Octave Mirbeau denounces domestic service as a modern form of slavery. However, he offers no sentimentalised image of the underclass, as servants exploited by their masters are ideologically alienated themselves: « D'être domestique, on a ça dans le sang... ».

With its fractured exposition, its temporal dislocations, its clashing styles, and varying forms, Mirbeau's novel breaks with the conventions of the realistic novel and relinquishes all claims to documentary objectivity and narrative linearity.

== Adaptations ==
===Film===
The novel has been loosely adapted for cinema four times:
- 1916, a Russia film, Dnevnik gornitchnoi (Дневник горничной) by M. Martov.

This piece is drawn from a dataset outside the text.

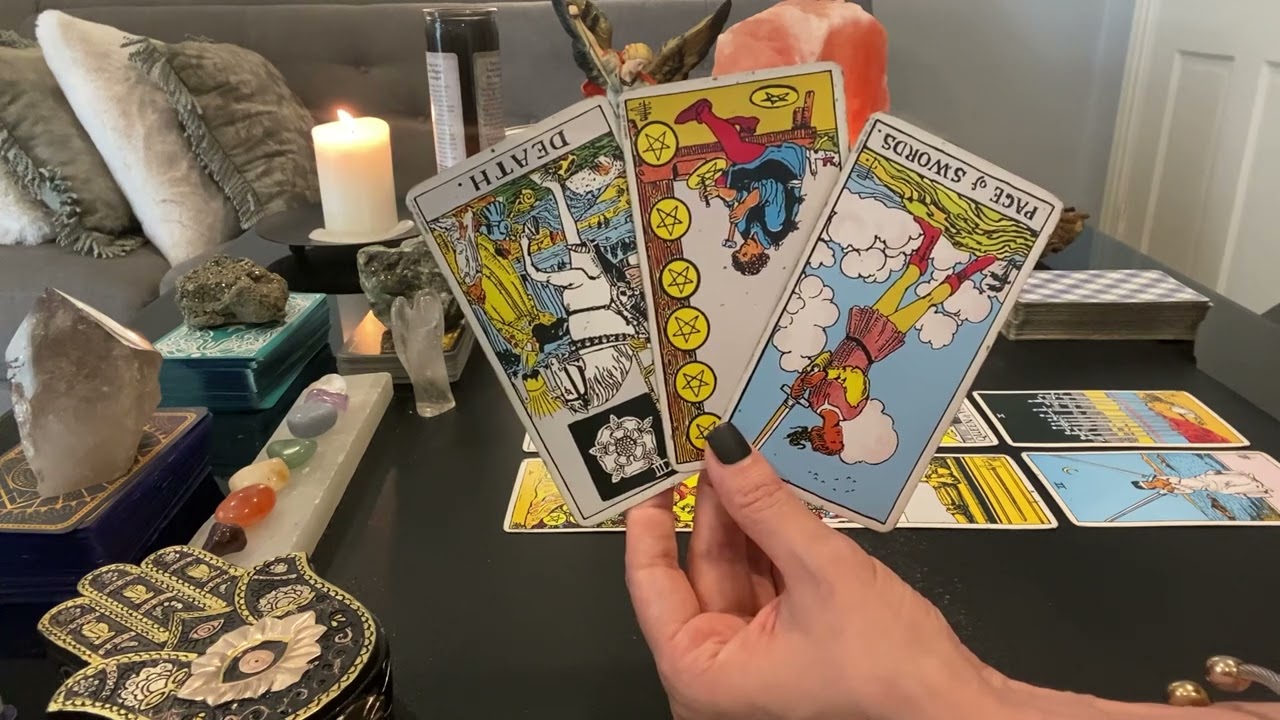 PISCES ♓️ THIS IS POWERFUL/SOMEONE WANTS YOU TO ACKNOWLEDGE THEM/YOUR SMELL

- 1946, an American film, The Diary of a Chambermaid by Jean Renoir, starring Paulette Goddard.
- 1964, Le Journal d’une femme de chambre by Luis Buñuel, in French, starring Jeanne Moreau, Georges Géret and Michel Piccoli.
- 2015, Journal d’une femme de chambre by Benoît Jacquot, in French, starring Léa Seydoux and Vincent Lindon.

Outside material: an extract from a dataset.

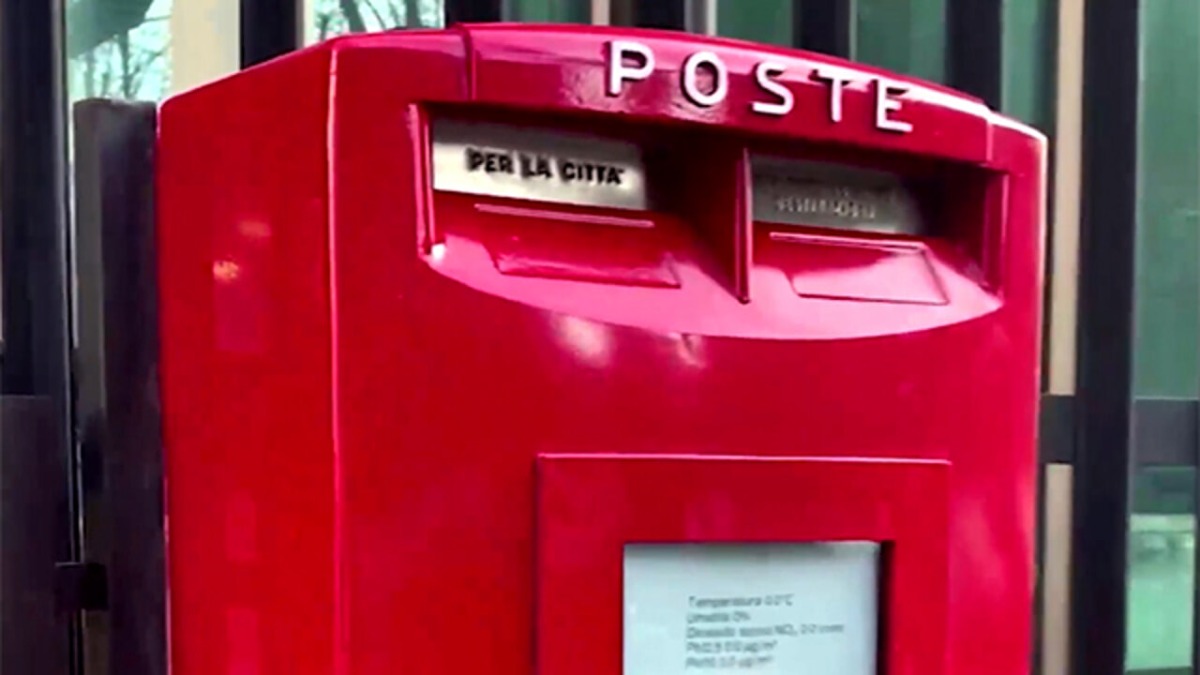 Poste Italiane a Rimini: 14 nuove cassette smart 2.0 per una città più tecnologica e sostenibile -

- 2026, Journal d’une femme de chambre by Radu Jude, in French and Romanian, starring Ana Dumitrașcu, Marie Rivière and Mélanie Thierry.
===Stage===
- It was also made into a play by Andre Heuse, André de Lorde, and Thielly Nores.
- Plenty of theatrical adaptations have been made during the last 20 years, in French, but also in Italian, English, Spanish, Dutch and German.
- In 2004, a new American theatrical adaptation of Diary of A Chambermaid produced by Antonia Fairchild and directed by Adrian Giurgea, had its world-premiere in New York City.